Return all of the data exactly, with nothing left out but the pictures.

### Data supplied

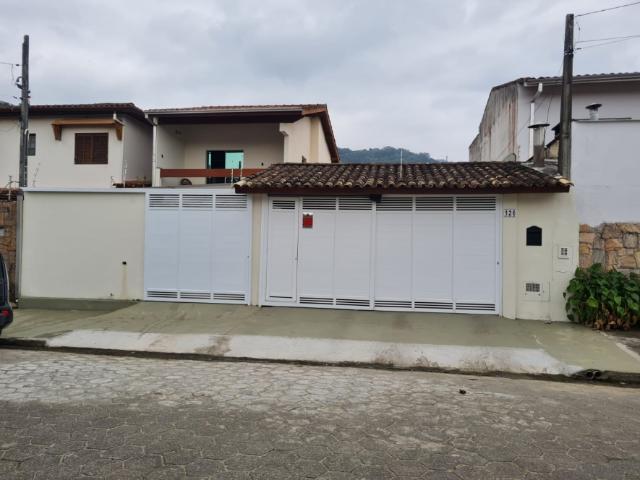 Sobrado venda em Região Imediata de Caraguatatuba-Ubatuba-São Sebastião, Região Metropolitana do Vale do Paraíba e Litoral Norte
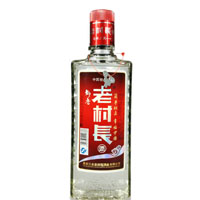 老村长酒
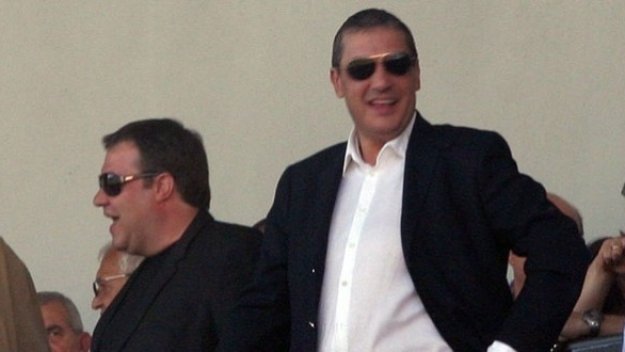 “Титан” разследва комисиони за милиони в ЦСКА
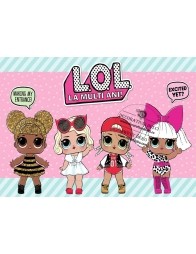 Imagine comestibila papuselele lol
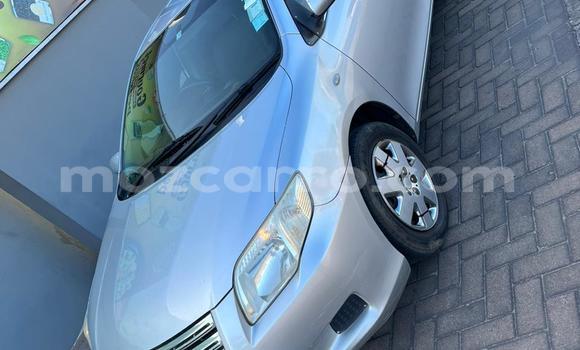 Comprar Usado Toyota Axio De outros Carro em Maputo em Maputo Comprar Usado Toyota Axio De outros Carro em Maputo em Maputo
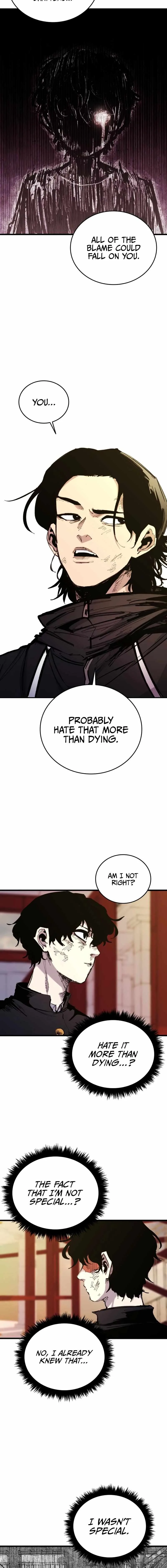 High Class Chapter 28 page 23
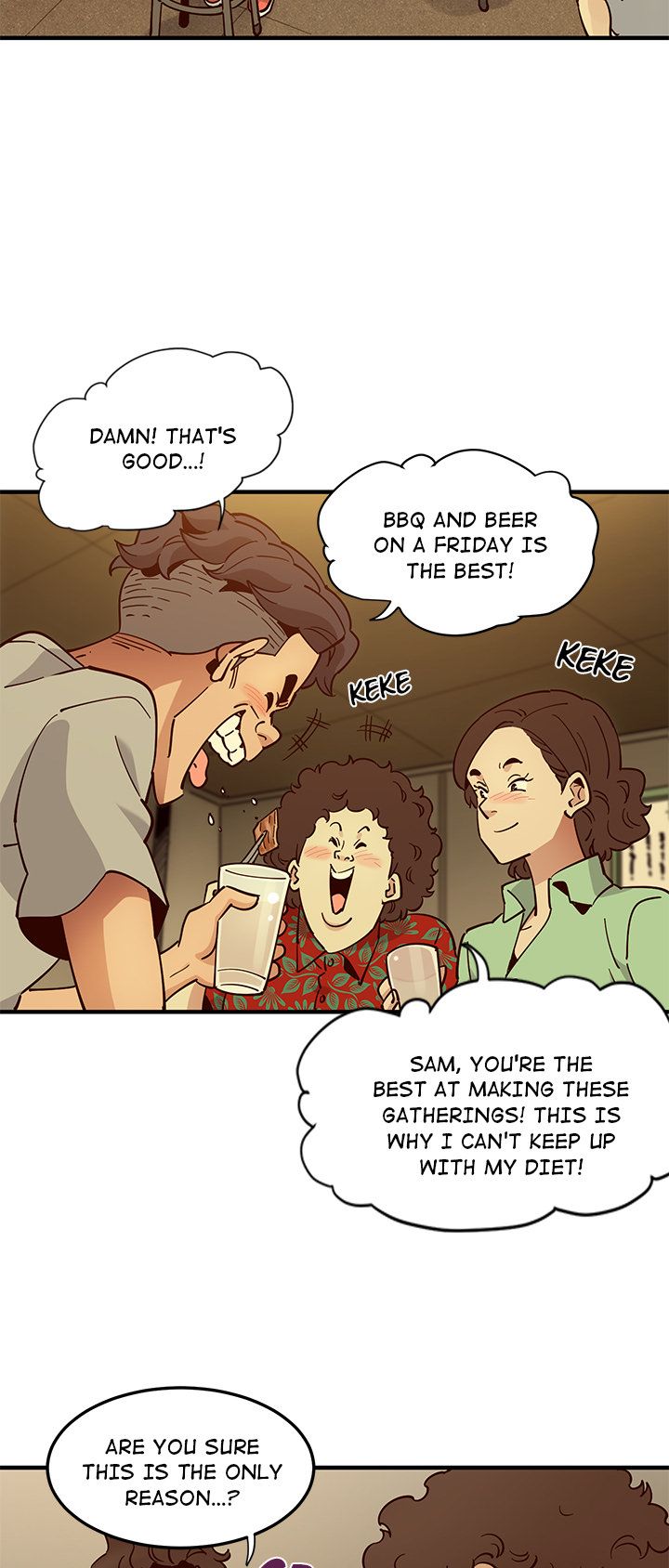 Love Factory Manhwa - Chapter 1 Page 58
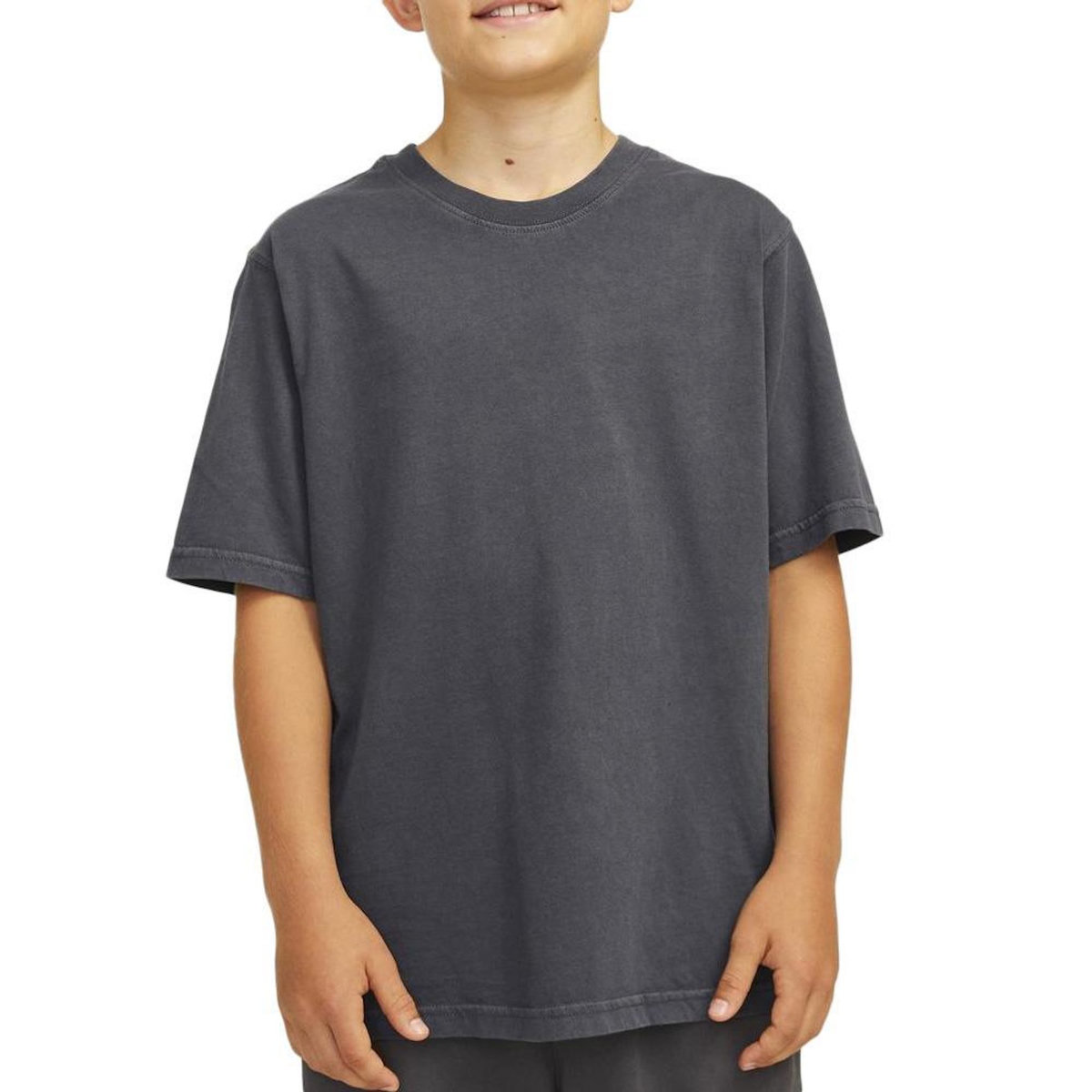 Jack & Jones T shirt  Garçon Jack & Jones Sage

######

■ **Finished task**
 Sobrado venda em Região Imediata de Caraguatatuba-Ubatuba-São Sebastião, Região Metropolitana do Vale do Paraíba e Litoral Norte
 老村长酒
 “Титан” разследва комисиони за милиони в ЦСКА
 Imagine comestibila papuselele lol
 Comprar Usado Toyota Axio De outros Carro em Maputo em Maputo Comprar Usado Toyota Axio De outros Carro em Maputo em Maputo
 High Class Chapter 28 page 23
 Love Factory Manhwa - Chapter 1 Page 58
 Jack & Jones T shirt  Garçon Jack & Jones Sage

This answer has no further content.